About this exercise
Lines from the one containing "Used 2020 Nissan 370Z Coupe image 20" through the last line of the data are to be returned exactly, both ends included, minus any pictures.

Information shown
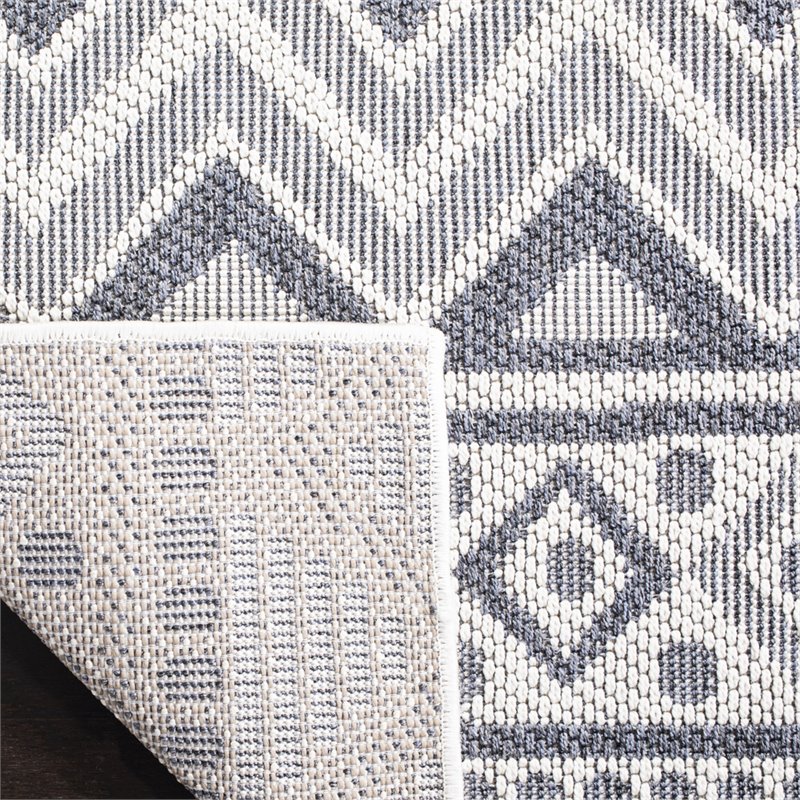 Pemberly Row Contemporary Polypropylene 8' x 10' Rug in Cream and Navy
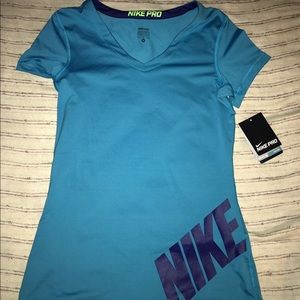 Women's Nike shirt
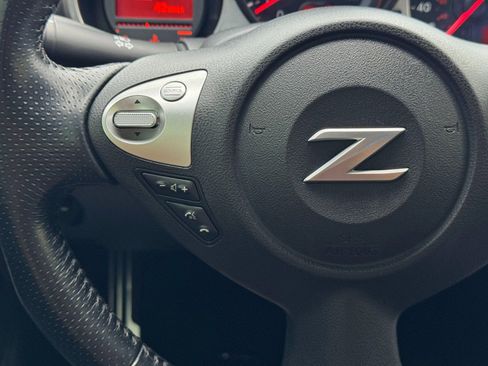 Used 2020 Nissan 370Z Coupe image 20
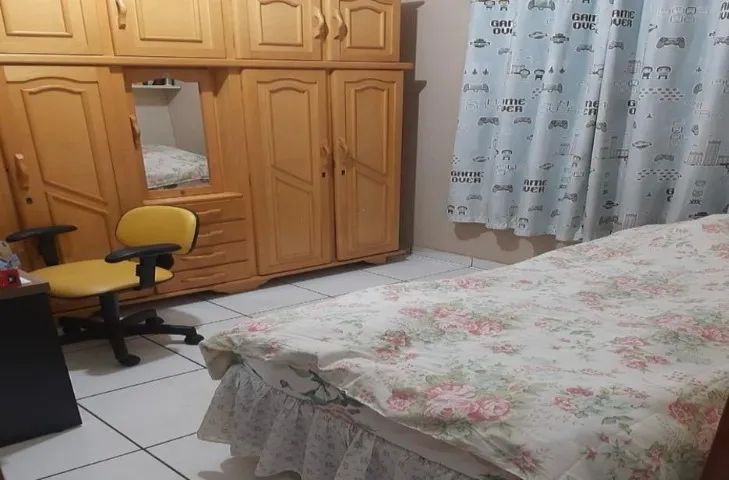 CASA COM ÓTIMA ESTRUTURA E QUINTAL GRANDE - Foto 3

Result of this task
 Used 2020 Nissan 370Z Coupe image 20
 CASA COM ÓTIMA ESTRUTURA E QUINTAL GRANDE - Foto 3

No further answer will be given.